#### Spark
Apache Spark is a lightning fast real-time processing framework.
It does in-memory computations to analyze data in real-time.
Apache Spark has its own cluster manager, where it can host its application.
It uses HDFS (Hadoop Distributed File system) for storage and it can run Spark applications on YARN as well.

#### PySpark
Using PySpark, you can work with RDDs in Python programming language also. It is because of a library called Py4j that they are able to achieve this.

#### PySpark - SparkContext
SparkContext is the entry point to any spark functionality.

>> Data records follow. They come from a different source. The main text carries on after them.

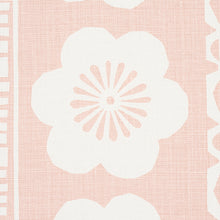 Load image into Gallery viewer, Schumacher Mrs. Howell Fabric 179871 / Blush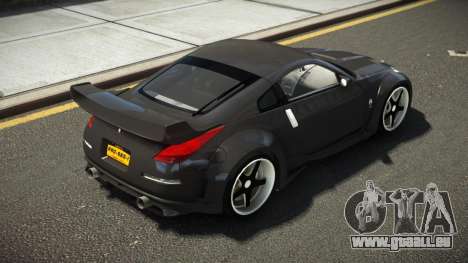 Nissan 350Z SS pour GTA 4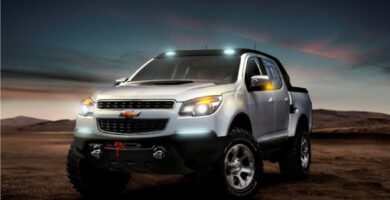 Manual de Usuario CHEVROLET S10 2011 Gratis PDF en Español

When we run any Spark application, a driver program starts, which has the main function and your SparkContext gets initiated here. The driver program then runs the operations inside the executors on worker nodes.

SparkContext uses Py4J to launch a JVM and creates a JavaSparkContext. By default, PySpark has SparkContext available as sc, so creating a new SparkContext won't work.

#### RDD (Resilient Distributed Dataset)
RDD stands for Resilient Distributed Dataset, these are the elements that run and operate on multiple nodes to do parallel processing on a cluster. RDDs are immutable elements, which means once you create an RDD you cannot change it. RDDs are fault tolerant as well, hence in case of any failure, they recover automatically.

Let us understand these two ways in detail.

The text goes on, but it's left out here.